Doc Searls – It's the Story, Stupid

Seeing through slides.

Scott Rosenberg: The single deadliest thing a speaker can do is read from his own slides. Agreed. It always exasperates me to see slides used as speakers notes rather than as helpful visual aids.

Want to know how to give a good presentation with slides? Here’s what I learned from two masters. It’s more than a half-decade old, but its tips are no less useful.

[The Doc Searls Weblog]

I’ve used this before as part of teaching presentation skills to consultants. Blogging it now so I can find it again later.

Arthur C. Clarke on Information Pollution

Arthur C. Clarke on Information Pollution.
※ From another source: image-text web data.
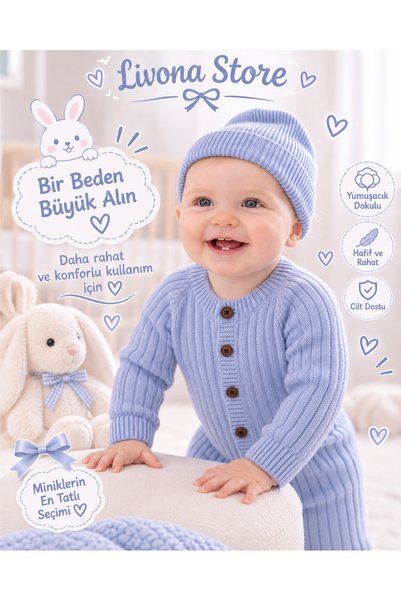 Butik Lilamsı Mavi Yumuşak Örgü Yenidoğan Takımı (Tulum + Bere)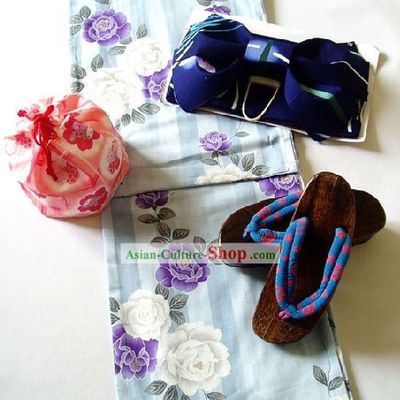 Traditional Japanese White Peony Kimono Handbag and Geta Full Set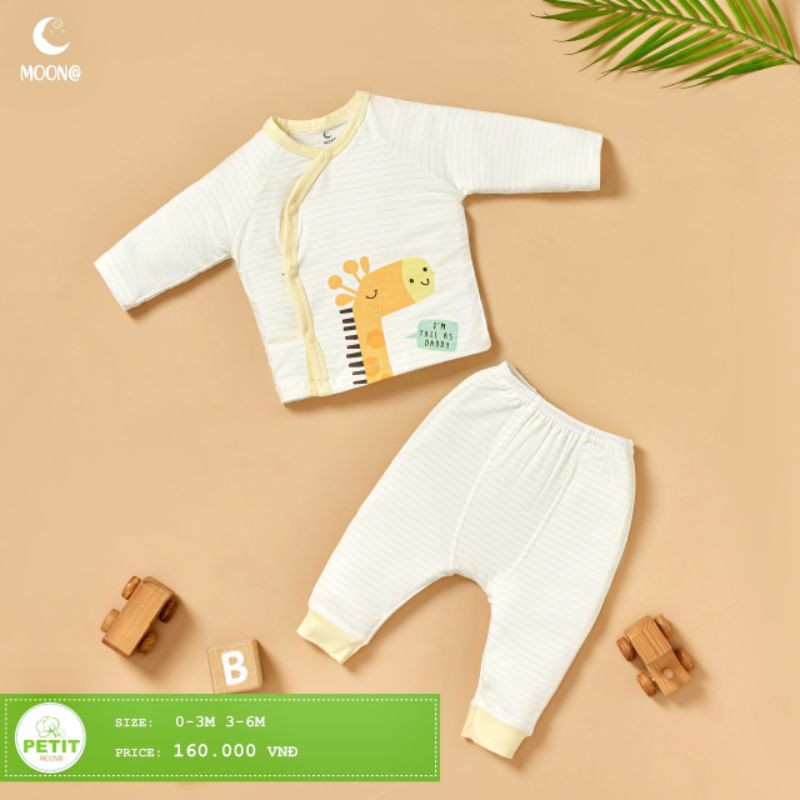 Moon -  Bộ sơ sinh cài chéo petit cho bé sơ sinh 3-7kg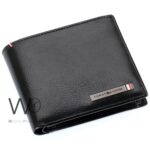 Tommy Hilfiger Wallet Men Black Genuine Leather Metal Logo | Watches Prime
Castolari writes “Here is an interesting interview of Arthur C. Clarke and his views on regulating communications, as well as what he sees as the past, … [Slashdot]

Insight and perspective from one of my favorite authors. Here’s my favorite comment:

We are now faced with the responsibility of discernment. Just as our ancestors quickly realised that no one was going to force them to read the entire library of a thousand books, we are now overcoming the initial alarm at the sheer weight of available information and coming to understand that it is not the information itself that determines our future, only the use we can make of it.

It comes down to exercising judgment. Clarke has it and thinking about what he has to say is worth the time.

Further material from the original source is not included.